A post seeking a prep cook for a relatively new “noodle bar” in the East Village called Momofuku caught my eye. I can’t recall most of the details listed in the ad, but I do remember it said they’d be willing to train someone with little to no experience in a restaurant kitchen – which would definitely be me. So I wrote up a short cover letter explaining my desire for a possible career change, emailed my resume and crossed my fingers I'd hear back them.
Later that week, I was happily surprised when I was called in for a morning interview before the restaurant opened for service later that day. I briefly chatted with Joaquin Baca*, one of Momofuku’s chefs, who said that Chef Chang would be in shortly to meet with me. Not too long after, a tall, beefy guy strode in the door, with a swagger in his step and iPod earbuds jammed into his ears; he looked more like a guitarist in an indie rock band recovering from a long night of drinking rather than a reputable chef. He promptly plugged his device into Momofuku’s sound system and his heavy metal playlist began blaring in the background from the speakers.

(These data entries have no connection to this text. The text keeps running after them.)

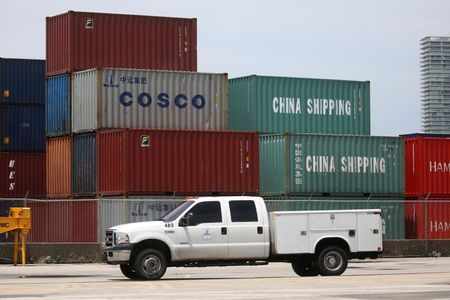 tagreuters.com2025binary_LYNXMPEL0E05O-VIEWIMAGE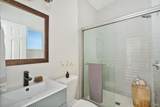 826 Vendola Drive - Photo 13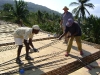Haiti-2011-03-092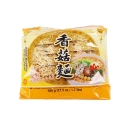 Tallarines Ins. Toyoung 780 g Tallarines Ins. Toyoung 780 g
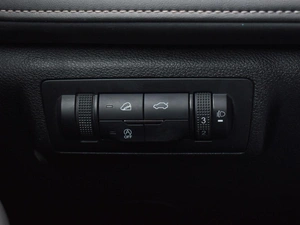 Внедорожник Chery Tiggo 7 Pro Max 2023 года, 2070000 рублей, Краснодар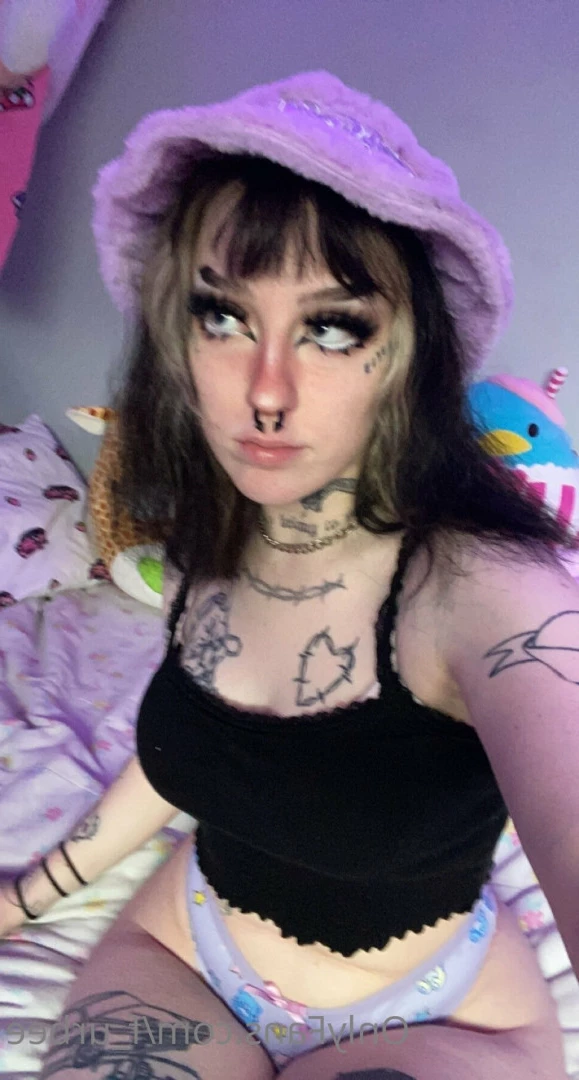 furbs [ f_urbee ] Onlyfans leaked photo 6836451 on Hotleaks.tv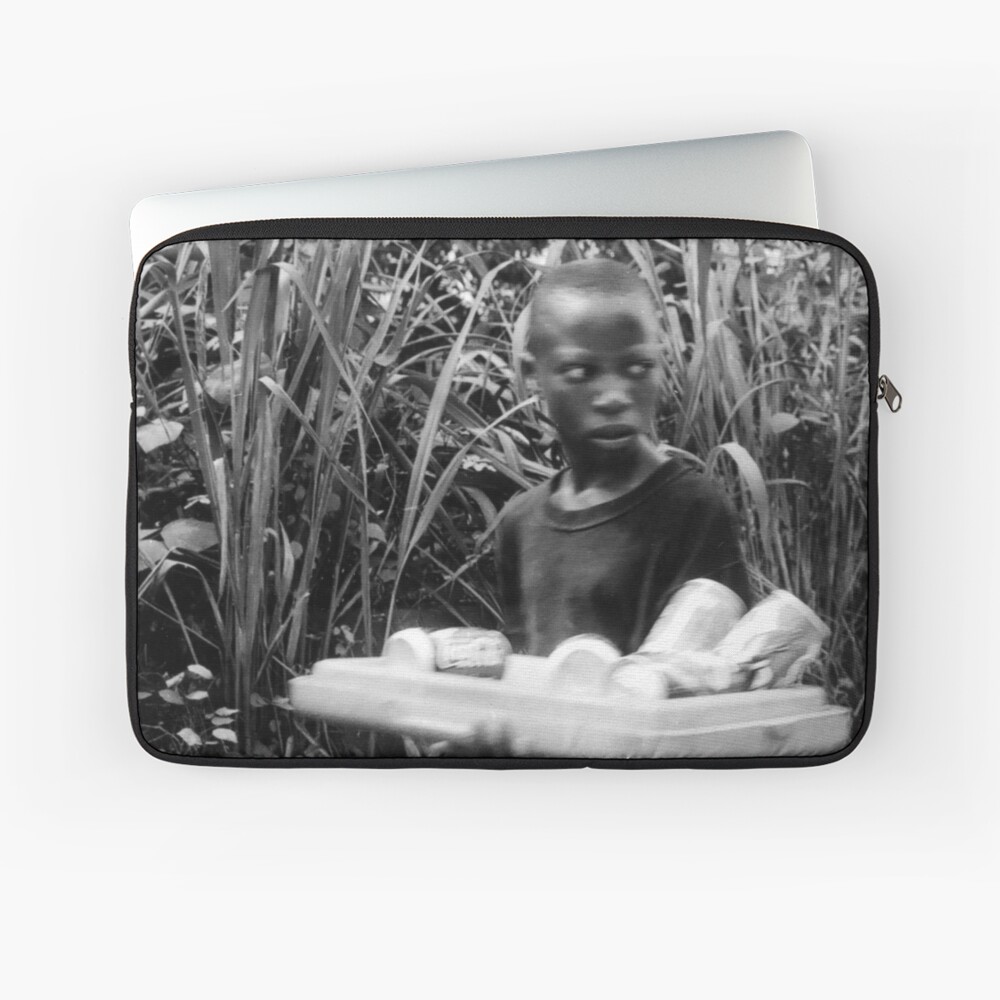 Item preview, Laptop Sleeve designed and sold by Muyiwa.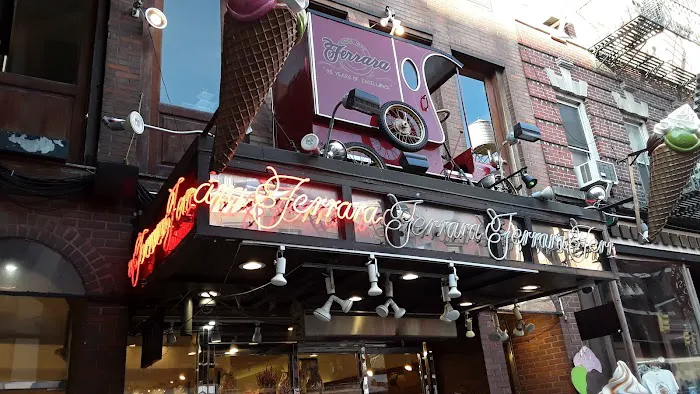 Soho Skin & Laser Dermatology Picture 2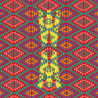 WORLD MUSIC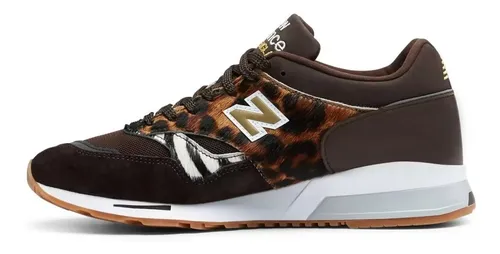 Tenis nb hotsell 1500 masculino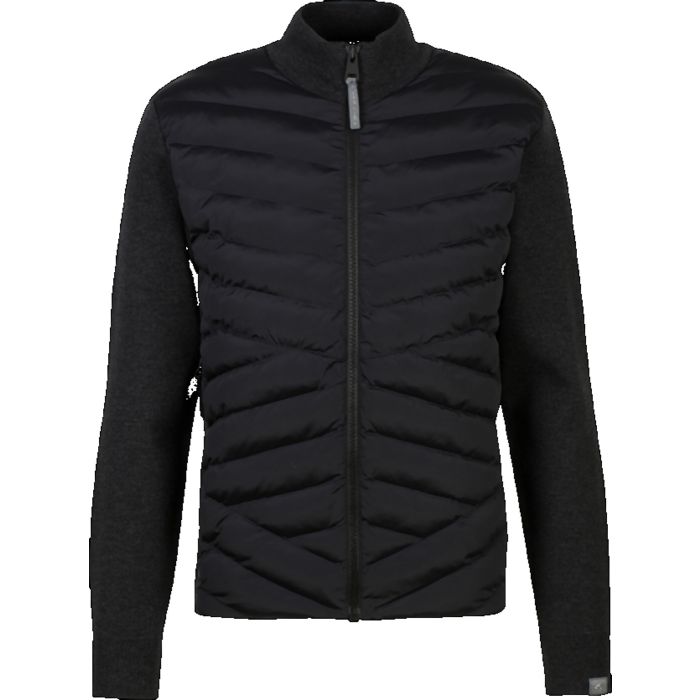 CAPRANEA NOIRMONT MIDLAYER - Herren main product photo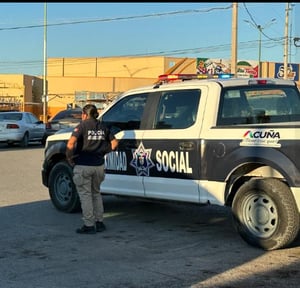 En respuesta al reciente aumento en el número de accidentes automovilísticos en Acuña, Coahuila, las autoridades locales han decidido intensificar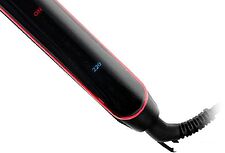 Выпрямитель CENTEK CT-2024 Выпрямитель CENTEK CT-2024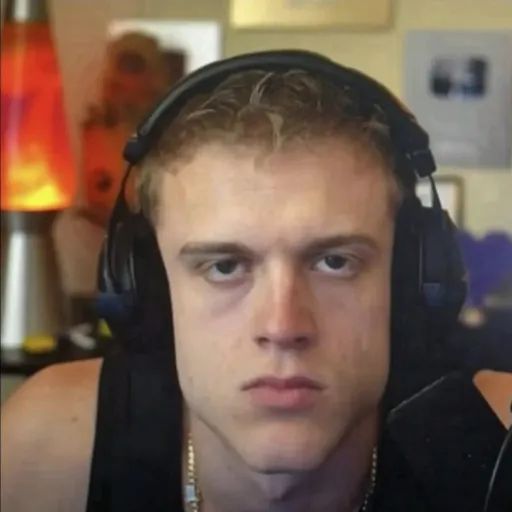 creator Biggest back💔😭's avatar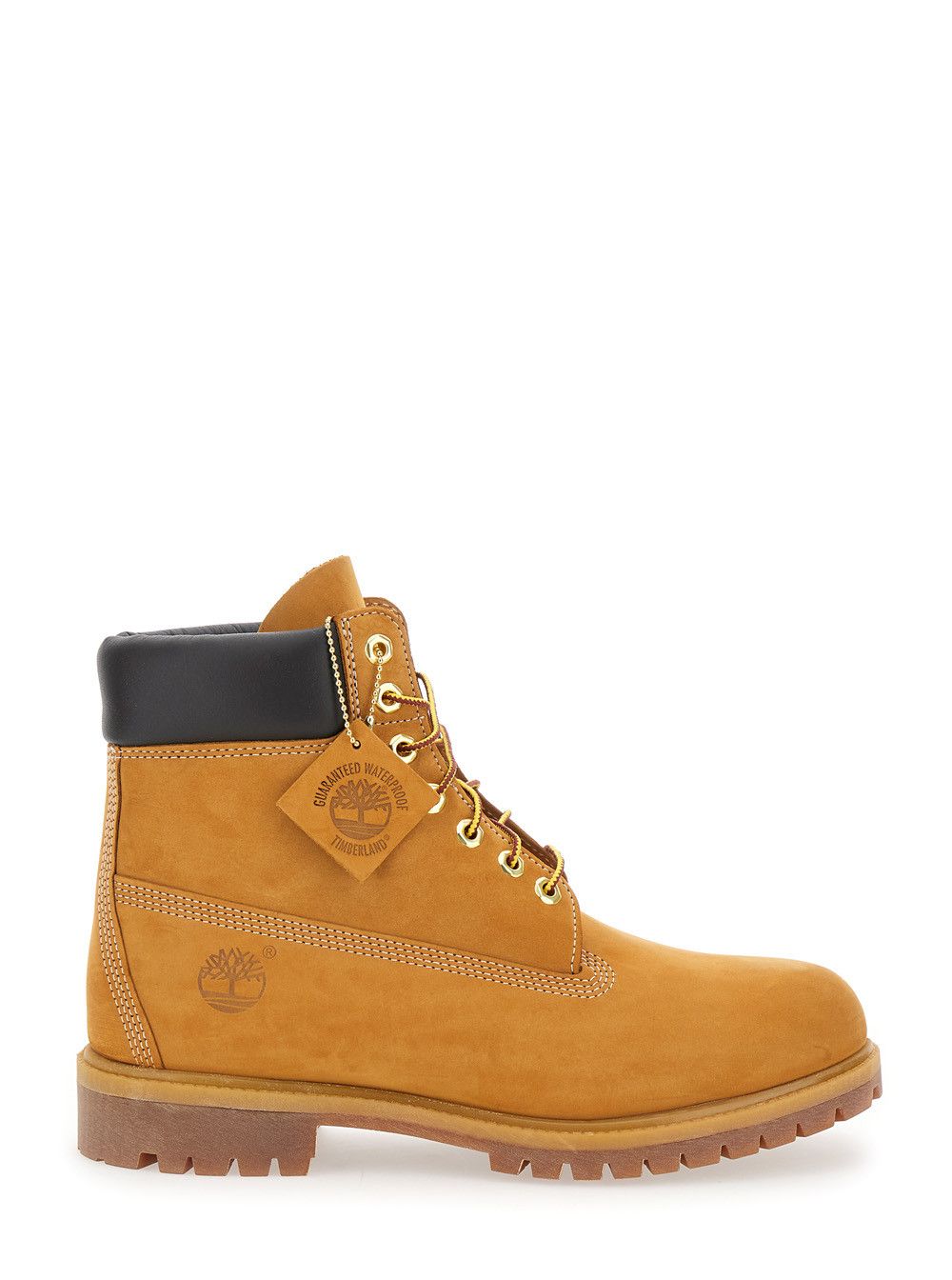 PRIMIUM 6 INCH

Our chat was brief. He didn’t mince words and spoke with a no-bullsh** demeanor. While he sat back in his chair with a casual informality, his face conveyed a serious intensity about his work. Chef Chang gave me an overview of Momofuku, its menu, his love for ramen and their signature pork buns that were growing in popularity. I basically reiterated my sentiments in my cover letter, adding that I loved Japanese food and would love to be given the opportunity to learn as much as possible there.
“Well, to be honest, “ I recall him pausing for a a moment while looking down at my resume in his hand. “I’ve got my doubts. You’re pretty old and have no experience with cooking professionally.”
This bit of blunt honesty stung for a moment, as I didn’t consider myself quite “old” yet in my early 30’s, but true -- I was certainly no fresh-faced kid, either.
“But I’ll give you a shot. You’ll be working long hours for $400 a week. Can you start today?”
Today? I figured I’d better say yes before he changed his mind and enthusiastically agreed to get started right away.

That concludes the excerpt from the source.